Supervised Evaluation of Top-k Itemset Mining Algorithms
Accepted at DAWAK ’15: 17th International Conference on Data Warehousing and Knowledge Discovery .
Abstract. A major mining task for binary matrixes is the extraction of approximate top-k patterns that are able to concisely describe the input data. The top-k pattern discovery problem is commonly stated as an optimization one, where the goal is to minimize a given cost function, e.g., the accuracy of the data description. In this work, we review several greedy state-of-the-art algorithms, and propose a methodology to compare the patterns extracted. In evaluating the set of mined patterns, we aim at overcoming the usual assessment methodology, which only measures the given cost function to minimize. Thus, we evaluate how good are the models/patterns extracted in unveiling supervised knowledge on the data. To this end, we test algorithms and diverse cost functions on several datasets from the UCI repository. As contribution, we show that PaNDa+ performs best in the majority of the cases, since the classifiers built over the mined patterns used as dataset features are the most accurate.

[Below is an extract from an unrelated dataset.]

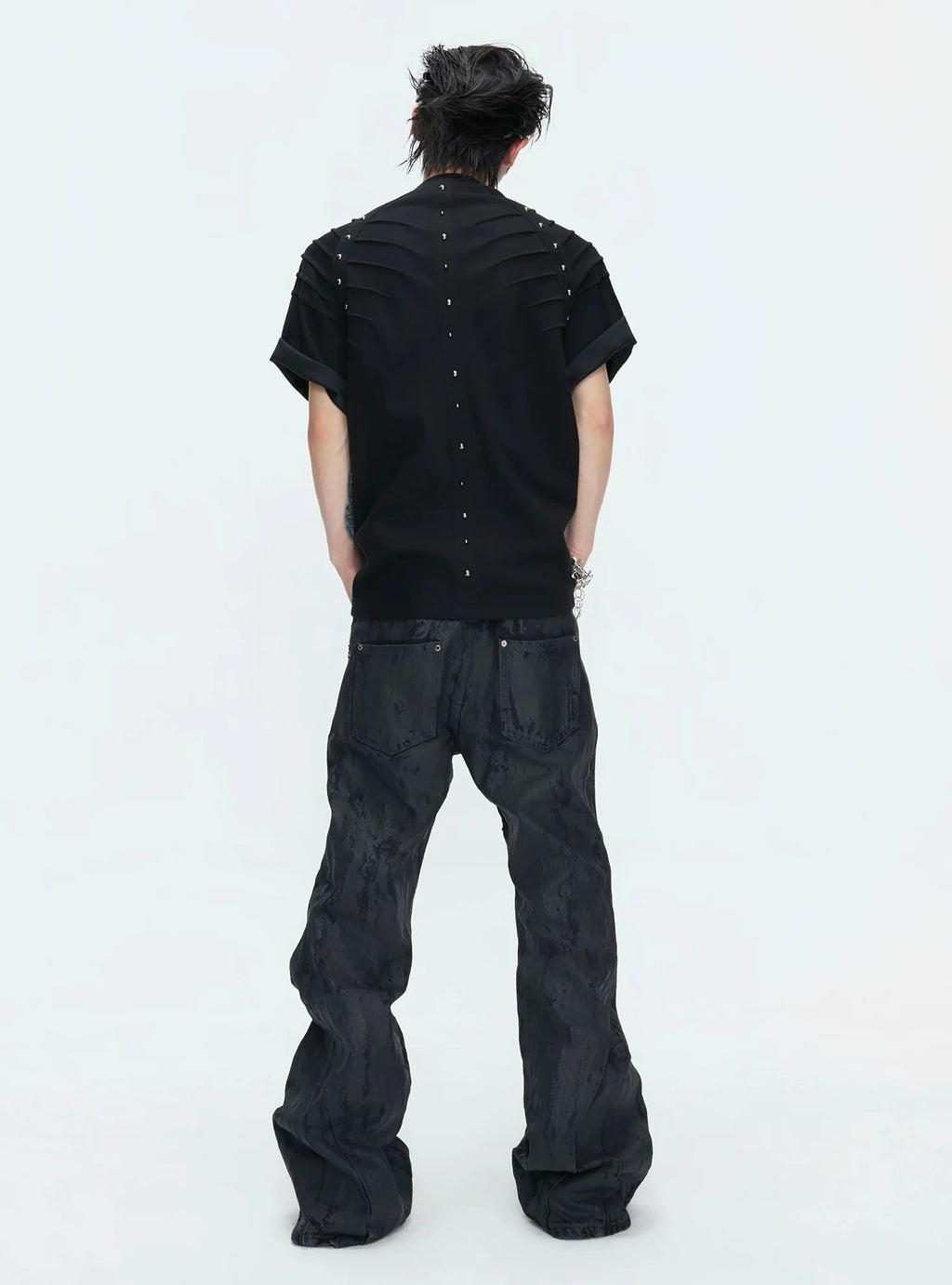 【26s Apr.】Studded Pleated Spine Structure Tee
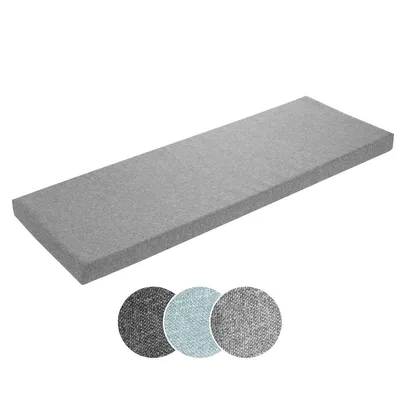 Immagine prodotto di Cuscino per panca 140 x 50 cm, grigio chiaro, lato inferiore antiscivolo, cuscino per davanzale, rivestimento lavabile, sleepling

We observe the lack of common real-world benchmarks, e.g., datasets for which the most important embedded patterns are known, and that can be used as a ground truth to evaluate and compare algorithms. We thus propose a supervised evaluation methodology of the extracted top-k patterns that measures and compares the ability of each algorithm in discovering interesting features that we can use to train accurate classifier.

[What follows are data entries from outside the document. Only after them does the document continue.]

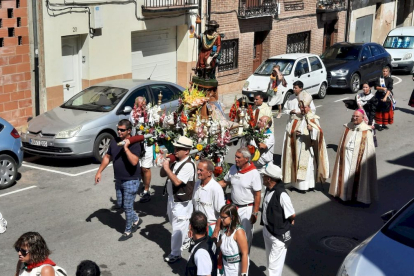 San Roque en procesión por las calles de El Burgo de Osma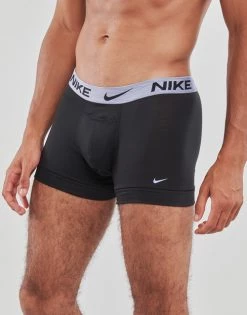 Sous-vêtements Homme Boxers Nike NIKE DRI-FIT RELUXE X2 Noir / Gris -Boxers Homme Soldes 22799459 500 C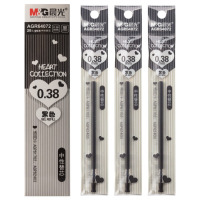 晨光(M&G) (C) 晨光拔盖替芯AGR64072黑0.38 20支装(一盒)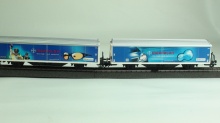 Märklin 94193 Set van twee schuifwandwagens Bayer Makrolon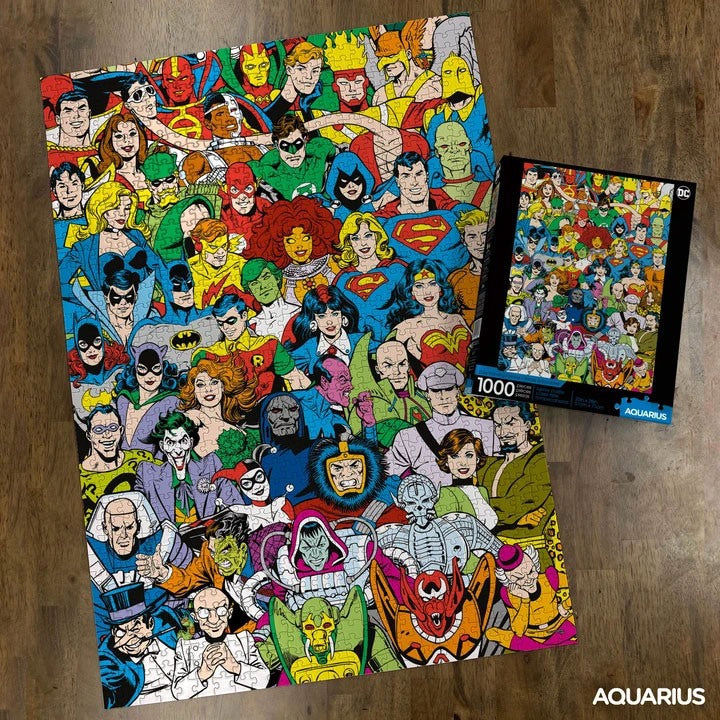 DC COMICS - Retro Cast - Puzzle 1000P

Each binary UCI dataset, from which the class labels is removed in advance, is first subdivided into training and test set. We employ three state-of-the-art algorithms, to extract a distinct a pattern set Πk from the training set. Then, every transaction in the training and test sets is mapped into the pattern space by considering a binary feature for each approximate pattern in Πk indicating its presence/absence in the transaction. Note that the algorithms we evaluated produce, for each pattern ⟨PI,PT⟩∈ Πk, the set of transactions PT in the training where PI it occurs, and this set is used for the mapping. For what regards the test set, we say that an approximate pattern P ∈ Πk occurs in an unseen test transaction t iff |PI ∩ t|∕|PI|≥ η, where η is the minimum intersection ratio |PI ∩ t*|∕|PI| for every training transaction t*∈ PT. The rationale is to accept a pattern P for a test transaction t if it does not generate more noise than what it has been observed in the training set. After mapping the transactions into such pattern space, the class labels are restored in the transformed training and test sets. The training set is thus used to train an SVM classifier. Finally, the classifier is evaluated on the mapped test set.
Results show that PaNDa+ outperforms all the other algorithms with a statistically significant improvement.